Communities and pioneer schools in this book
Battle Ground (original)
Battle Ground (later)
Where are the 41 communities included in this book?
Primarily the area included is the present day Battle Ground School District which is geographically one of the largest school districts in the state of Washington with about 300 square miles. Originally Clark County and much of rural Pacific Northwest was made up of hundreds of one and two-room school houses each one within a separate school district.
As the population grew, more classrooms were required. Children needed a broader education with expanded opportunities. The educational structure became inefficient. The state office of Superintendent of Education began allowing, in fact encouraging districts to consolidate with larger districts.

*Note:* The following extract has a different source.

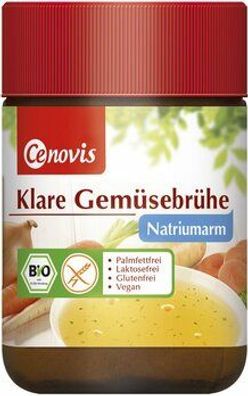 Cenovis 3x Klare Gemüsebrühe natriumarm, bio 96g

With consolidations small communities lost their community centers. With the loss of social life came the loss of community identity.

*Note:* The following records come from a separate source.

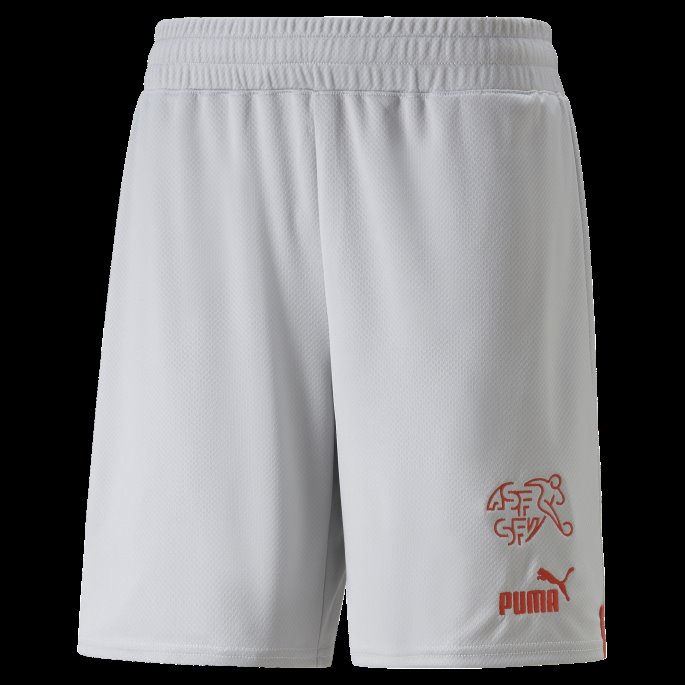 Harbor Mist Switzerland 22-23 Replica Shorts Herre Puma På Tilbud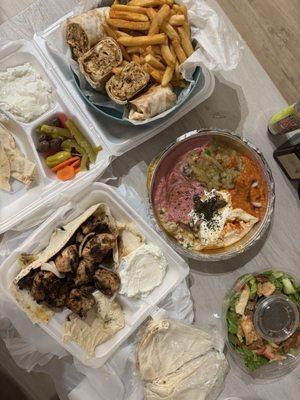 Fattoush Grill & Bakery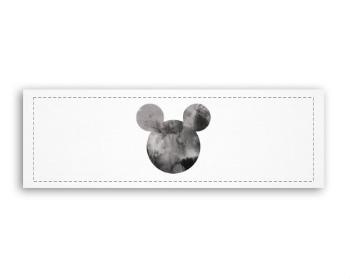 Fotoobraz 150x55 cm panorama  Mickey Mouse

Battle Ground . . . In and Around provides photos and information about these early communities. Included is a listing of early school district consolidation dates and their changing state-assigned numbers. Most of the consolidations recorded here took place im the 1940s and 1950s. Nearly all small districts in north and central Clark County converged into what is now one expansive Battle Ground School District.
In the back of the book are mini-maps showing known locations of pre-consolidation schoolhouses.
Some small communities grew to become business centers
Not all communities lost their identity. Yacolt and Battle Ground became incorporated cities. Amboy and Brush Prairie are business centers. Fargher Lake, Manor, and Meadow Glade also offer services.
BGSD schools receive books
The author recently presented 14 copies of Battle Ground . . . In and Around to the school board for distribution to each school in the district.
Battle Ground's naming
Because this volume is based on photos and there were none taken of the 1855 confrontation, the story of the "non-battle" is not included in this book. Pioneers had not yet inhabited the site for which the area was named.
With the purchase of each book, a pamphlet telling the story is often included - courtesy of Friends of the Battle Ground Library.
Mural replaces wooden sign
When the 1972 wooden sign began to deteriorate, it was replaced with a mural near Andersen Dairy's entrance. Left to right: Kara McGee, artist; Louise Tucker, author; and Valerie Huey and Terry Grendahl, members of GFWC-Battle Ground (financiers of the mural).